Les frênes amants, décharnés par l’hiver, se dressaient comme à leur habitude, entortillés au sommet de leur butte sous laquelle s’étalait leur vaste réseau commun de racines, spectres imposants au milieu du paysage ensorcelé. Nellis s’enfonça entre leurs troncs noueux enlacés, heureuse de l’abri qu’ils lui procuraient contre le vent, puis grimpa quatre à quatre l’escalier tortueux dessiné par les longues branches cousues entre elles. Un sort d’invisibilité dissimulait aux regards curieux la cabane perchée. En tirant le vantail de lierre servant de porte d’entrée, la sorcière fut accueillie par une flopée de gémissements.
Mousse-qui-pique se dressa à son entrée. Le lapin-mousse, bien qu’éternellement chétif, avait néanmoins considérablement grandi et nul ne pouvait plus le confondre avec un lapereau. La mousse fraîche et tendre ainsi que la sève constituaient dorénavant son alimentation principale en lieu et place du lait de sauge.

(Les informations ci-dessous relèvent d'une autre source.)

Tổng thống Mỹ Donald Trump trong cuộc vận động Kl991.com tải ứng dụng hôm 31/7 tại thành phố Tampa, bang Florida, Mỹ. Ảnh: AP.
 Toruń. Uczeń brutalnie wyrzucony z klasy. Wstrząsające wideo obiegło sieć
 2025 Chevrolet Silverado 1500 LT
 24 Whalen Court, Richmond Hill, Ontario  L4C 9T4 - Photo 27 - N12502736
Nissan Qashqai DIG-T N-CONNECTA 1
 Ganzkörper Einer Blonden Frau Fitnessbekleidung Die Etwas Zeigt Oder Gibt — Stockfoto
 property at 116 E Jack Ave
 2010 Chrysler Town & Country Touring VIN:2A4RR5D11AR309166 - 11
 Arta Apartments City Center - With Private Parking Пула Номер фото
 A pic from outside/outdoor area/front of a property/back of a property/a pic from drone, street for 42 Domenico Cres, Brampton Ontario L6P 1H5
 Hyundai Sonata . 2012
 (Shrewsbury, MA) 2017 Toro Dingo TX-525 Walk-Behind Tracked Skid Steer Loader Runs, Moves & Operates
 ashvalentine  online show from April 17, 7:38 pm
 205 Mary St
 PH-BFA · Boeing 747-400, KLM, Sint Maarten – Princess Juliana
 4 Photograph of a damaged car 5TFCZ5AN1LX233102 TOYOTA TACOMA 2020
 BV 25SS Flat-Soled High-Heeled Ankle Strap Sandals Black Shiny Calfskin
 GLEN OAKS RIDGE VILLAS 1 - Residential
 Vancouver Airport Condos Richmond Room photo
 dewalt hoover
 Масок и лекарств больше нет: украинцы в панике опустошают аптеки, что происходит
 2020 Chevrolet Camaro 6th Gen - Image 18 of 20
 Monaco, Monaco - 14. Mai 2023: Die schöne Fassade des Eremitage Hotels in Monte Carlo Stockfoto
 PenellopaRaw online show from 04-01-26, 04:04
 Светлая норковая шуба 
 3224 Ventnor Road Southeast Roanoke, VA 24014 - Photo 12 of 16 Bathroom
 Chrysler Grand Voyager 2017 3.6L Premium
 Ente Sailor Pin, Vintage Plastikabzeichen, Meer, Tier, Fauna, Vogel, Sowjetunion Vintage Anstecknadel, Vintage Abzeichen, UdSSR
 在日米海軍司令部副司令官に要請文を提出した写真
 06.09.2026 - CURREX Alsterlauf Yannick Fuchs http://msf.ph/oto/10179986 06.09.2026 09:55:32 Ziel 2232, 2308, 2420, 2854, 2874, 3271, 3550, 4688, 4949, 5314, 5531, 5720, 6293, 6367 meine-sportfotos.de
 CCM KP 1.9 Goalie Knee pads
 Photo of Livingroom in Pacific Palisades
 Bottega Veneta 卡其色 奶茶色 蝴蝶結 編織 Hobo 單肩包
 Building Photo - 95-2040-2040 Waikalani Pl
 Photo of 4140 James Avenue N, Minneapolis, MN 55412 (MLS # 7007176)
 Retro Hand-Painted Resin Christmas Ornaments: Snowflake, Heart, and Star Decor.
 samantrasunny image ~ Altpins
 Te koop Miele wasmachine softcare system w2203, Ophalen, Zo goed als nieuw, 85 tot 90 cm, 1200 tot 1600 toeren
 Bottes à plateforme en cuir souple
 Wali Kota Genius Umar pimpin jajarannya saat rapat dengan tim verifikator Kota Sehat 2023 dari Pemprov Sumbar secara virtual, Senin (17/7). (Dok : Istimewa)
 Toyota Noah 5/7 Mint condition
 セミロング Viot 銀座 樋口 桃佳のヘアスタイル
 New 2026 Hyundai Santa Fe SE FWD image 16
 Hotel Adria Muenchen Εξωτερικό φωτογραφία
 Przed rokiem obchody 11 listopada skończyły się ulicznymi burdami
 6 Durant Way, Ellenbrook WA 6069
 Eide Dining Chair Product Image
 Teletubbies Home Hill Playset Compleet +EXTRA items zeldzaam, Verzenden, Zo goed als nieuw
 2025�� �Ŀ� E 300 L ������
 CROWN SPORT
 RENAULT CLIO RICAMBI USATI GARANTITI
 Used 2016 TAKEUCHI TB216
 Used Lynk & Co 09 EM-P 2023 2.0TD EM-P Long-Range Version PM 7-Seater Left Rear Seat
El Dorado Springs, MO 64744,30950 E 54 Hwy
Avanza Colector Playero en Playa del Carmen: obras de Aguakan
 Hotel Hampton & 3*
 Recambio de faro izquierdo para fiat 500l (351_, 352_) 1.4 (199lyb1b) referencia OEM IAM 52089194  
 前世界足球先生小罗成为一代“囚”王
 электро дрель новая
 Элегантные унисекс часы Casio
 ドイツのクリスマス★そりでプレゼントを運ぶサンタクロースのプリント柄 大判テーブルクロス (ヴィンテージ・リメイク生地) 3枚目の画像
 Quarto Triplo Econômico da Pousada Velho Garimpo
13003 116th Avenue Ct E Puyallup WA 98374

L’animal, dont le pelage moussu prenait une teinte brune durant la saison morte, reposait sur la poitrine de Jilam, enfouie sous une couche d’une dizaine de couvertures qui l’écrasaient davantage qu’elles ne le réchauffaient. Le cœur de Nellis se serra à l’écoute du rythme lent et détraqué provenant de la poitrine enfouie sous les fourrures. Son époux, bien que conscient, n’avait pas esquissé la moindre réaction à son entrée, et n’ouvrit les paupières qu’au son du sac presque vide balancé avec lourdeur sur le plancher. Un râle s’échappa alors de sa gorge. La sorcière le traduisit par « Salut ». Elle ne répondit rien, ne lui accorda pas un regard. Elle détestait le voir, incapable de reconnaître l’homme qu’elle aimait sous cette loque de peau flétrie à la respiration sifflante.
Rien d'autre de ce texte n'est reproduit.